A cousin of Hines' first complained to the FBI about Berry and the land deal in 2003. Agents recently began interviewing key participants, including Paris Hines and the Jacksons, according to people familiar with the inquiry. Berry also was contacted, said Stretton, who said he would share the judge's documents with the FBI.
Flawed legal work
Stretton and other legal experts agree: The handling of the case was flawed.First, Berry should not have profited from the settlement. There are legal rules against "self-dealing," said lawyer Daniel B. Evans, an expert in estate law who dubbed the handling of the case "very manipulative."

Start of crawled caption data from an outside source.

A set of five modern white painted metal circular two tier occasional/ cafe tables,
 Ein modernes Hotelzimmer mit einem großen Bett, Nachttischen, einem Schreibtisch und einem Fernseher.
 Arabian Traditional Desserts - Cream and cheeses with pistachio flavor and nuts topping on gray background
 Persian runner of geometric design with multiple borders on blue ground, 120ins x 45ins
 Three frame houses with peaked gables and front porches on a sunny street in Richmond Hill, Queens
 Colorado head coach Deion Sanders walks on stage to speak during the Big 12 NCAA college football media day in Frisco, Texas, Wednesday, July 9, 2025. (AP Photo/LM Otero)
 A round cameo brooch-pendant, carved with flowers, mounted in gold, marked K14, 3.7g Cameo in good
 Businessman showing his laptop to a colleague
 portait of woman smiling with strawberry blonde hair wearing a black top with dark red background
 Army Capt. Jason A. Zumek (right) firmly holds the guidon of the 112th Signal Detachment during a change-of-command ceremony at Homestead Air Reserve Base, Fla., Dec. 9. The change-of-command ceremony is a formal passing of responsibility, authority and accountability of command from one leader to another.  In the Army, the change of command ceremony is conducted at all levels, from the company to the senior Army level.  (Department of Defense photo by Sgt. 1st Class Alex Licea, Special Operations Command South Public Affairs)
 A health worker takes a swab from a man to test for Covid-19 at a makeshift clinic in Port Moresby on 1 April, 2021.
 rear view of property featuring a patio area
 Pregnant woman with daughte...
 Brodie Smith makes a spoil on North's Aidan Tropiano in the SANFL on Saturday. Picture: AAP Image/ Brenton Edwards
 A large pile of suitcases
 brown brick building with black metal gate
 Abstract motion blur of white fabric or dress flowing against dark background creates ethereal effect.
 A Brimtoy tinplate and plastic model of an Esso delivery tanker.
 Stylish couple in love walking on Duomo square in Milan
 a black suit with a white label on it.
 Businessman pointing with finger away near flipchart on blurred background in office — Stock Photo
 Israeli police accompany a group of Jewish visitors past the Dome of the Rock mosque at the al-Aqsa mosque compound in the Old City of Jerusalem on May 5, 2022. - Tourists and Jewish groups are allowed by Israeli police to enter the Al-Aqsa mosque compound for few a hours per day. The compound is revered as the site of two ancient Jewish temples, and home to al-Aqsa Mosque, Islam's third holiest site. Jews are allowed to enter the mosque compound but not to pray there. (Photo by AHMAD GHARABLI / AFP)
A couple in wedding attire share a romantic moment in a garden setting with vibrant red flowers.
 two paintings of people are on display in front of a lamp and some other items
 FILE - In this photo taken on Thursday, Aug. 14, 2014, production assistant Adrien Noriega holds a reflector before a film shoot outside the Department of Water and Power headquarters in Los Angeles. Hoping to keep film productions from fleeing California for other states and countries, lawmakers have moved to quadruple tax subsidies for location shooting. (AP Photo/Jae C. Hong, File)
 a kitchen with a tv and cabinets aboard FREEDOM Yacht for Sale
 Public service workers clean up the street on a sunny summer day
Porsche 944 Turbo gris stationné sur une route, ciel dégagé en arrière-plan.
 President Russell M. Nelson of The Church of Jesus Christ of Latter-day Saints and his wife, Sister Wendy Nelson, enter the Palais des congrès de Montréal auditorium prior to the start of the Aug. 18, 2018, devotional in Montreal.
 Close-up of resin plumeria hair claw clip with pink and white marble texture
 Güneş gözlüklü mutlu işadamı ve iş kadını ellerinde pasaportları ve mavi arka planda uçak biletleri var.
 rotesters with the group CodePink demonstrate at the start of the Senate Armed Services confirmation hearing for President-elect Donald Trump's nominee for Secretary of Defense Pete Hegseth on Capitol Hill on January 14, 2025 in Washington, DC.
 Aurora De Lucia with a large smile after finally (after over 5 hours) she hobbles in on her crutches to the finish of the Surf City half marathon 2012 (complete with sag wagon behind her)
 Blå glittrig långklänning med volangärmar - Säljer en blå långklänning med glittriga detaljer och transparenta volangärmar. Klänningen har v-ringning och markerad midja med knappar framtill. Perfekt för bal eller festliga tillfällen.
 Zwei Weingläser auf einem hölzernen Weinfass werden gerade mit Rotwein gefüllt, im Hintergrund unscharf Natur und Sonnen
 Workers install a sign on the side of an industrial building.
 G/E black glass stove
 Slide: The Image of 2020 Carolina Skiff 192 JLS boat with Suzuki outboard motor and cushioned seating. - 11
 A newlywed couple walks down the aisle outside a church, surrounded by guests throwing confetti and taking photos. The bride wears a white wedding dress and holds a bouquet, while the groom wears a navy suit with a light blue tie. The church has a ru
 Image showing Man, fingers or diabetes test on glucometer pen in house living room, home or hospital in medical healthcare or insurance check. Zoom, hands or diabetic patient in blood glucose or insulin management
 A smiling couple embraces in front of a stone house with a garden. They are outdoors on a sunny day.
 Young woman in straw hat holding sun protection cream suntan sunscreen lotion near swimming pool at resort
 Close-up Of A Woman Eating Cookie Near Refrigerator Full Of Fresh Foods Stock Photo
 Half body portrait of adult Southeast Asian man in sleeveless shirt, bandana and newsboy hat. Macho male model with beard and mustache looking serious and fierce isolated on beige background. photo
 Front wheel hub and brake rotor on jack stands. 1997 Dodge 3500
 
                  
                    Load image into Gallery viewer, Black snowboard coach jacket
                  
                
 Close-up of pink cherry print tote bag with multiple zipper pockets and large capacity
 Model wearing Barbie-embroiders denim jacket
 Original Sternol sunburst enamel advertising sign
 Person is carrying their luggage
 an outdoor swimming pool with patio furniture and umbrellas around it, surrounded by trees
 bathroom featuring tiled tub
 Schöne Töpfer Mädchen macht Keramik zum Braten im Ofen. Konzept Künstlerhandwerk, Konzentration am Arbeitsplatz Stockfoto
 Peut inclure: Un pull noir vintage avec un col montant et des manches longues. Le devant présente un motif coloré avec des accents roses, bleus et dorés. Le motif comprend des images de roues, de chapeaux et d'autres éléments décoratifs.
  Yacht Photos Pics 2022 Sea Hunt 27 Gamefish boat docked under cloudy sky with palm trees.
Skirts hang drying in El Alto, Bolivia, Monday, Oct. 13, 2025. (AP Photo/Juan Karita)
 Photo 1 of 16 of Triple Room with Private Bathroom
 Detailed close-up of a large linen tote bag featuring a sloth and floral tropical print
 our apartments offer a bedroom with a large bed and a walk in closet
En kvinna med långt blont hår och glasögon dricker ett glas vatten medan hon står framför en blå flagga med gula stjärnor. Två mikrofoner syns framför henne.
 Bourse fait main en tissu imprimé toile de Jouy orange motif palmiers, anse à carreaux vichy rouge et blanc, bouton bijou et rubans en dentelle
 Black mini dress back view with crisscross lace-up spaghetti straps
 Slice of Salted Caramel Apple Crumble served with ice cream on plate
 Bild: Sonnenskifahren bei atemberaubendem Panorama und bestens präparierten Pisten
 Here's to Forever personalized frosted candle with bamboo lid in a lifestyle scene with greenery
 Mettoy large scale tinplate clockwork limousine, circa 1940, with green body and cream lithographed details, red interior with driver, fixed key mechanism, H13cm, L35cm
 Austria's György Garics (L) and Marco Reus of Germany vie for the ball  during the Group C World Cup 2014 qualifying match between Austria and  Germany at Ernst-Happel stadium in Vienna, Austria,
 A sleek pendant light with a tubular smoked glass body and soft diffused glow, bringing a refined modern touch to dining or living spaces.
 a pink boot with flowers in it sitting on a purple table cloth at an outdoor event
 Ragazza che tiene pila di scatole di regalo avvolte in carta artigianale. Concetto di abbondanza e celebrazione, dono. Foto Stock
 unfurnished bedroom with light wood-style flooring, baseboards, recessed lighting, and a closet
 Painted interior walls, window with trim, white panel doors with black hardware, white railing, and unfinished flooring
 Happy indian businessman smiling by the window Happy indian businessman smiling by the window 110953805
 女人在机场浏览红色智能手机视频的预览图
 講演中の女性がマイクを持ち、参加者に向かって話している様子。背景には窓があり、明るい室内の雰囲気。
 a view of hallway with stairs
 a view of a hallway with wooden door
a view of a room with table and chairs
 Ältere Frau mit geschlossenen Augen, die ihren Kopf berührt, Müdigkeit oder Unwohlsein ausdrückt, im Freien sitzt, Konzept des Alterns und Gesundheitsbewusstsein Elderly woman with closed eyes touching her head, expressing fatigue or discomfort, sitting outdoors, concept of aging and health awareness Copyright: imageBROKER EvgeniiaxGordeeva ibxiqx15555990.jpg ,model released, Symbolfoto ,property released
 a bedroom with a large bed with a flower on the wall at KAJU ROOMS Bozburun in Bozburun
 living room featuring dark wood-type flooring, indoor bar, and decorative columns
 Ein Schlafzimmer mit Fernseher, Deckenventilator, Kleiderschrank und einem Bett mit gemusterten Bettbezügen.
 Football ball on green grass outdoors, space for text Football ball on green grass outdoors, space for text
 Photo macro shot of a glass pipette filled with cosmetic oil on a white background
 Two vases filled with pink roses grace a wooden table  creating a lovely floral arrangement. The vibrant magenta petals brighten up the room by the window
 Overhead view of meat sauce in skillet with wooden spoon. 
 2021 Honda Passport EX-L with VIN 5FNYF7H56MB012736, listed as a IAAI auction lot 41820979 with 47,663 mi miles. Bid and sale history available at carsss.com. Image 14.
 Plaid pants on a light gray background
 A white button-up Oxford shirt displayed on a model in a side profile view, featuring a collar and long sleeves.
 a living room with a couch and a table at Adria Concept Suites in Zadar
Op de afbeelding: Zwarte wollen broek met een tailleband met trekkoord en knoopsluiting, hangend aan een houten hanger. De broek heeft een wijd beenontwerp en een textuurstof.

Berry, once he stood to benefit from the land deal, should have bowed out as Jackson's lawyer, experts said.
"It shouldn't have happened that way," Stretton said. "He should have said, 'You get your own independent lawyer.' That's clear as a bell."
Stretton added: "This would not have gotten an A for ethics."
As for Reddy, experts said he had a duty to protect the interests of the Hines family. He betrayed that when he did not respond to the lawsuit - and when he settled the case to benefit Berry at the expense of the heirs, they said.
"An administrator's primary responsibility is to preserve the estate," said Philadelphia Orphans' Court Judge Anne E. Lazarus, who was asked to comment generally on legal procedure.
Reddy should have sold the land to the highest bidder and, after paying estate taxes and any other debts, set aside the balance for the heirs, experts said.
Any settlement should have been approved by a judge, Lazarus said. "They can't settle it themselves," she said.
Paris Hines said he didn't learn the full story about the lot until 2002, when he began looking into his brother's estate. He hired a lawyer, Kevin J. Murphy, and had Reddy removed as administrator.
Stretton said the Hines family, and Jackson, had years to complain that they were wronged and did not do so.
"She's an adult," Stretton said of Jackson. "No one took her to a torture chamber and made her sign anything."
He suggested the Hines family is only complaining now because of rising real estate values.
"Back then it was not worth anything, and the Hines family treated it like that. Now, they care."
Stretton conceded that Berry cut corners - "not every T is crossed and every I is dotted" - but said he was merely careless, not corrupt.
"I don't think he's done anything terribly wrong here," he said.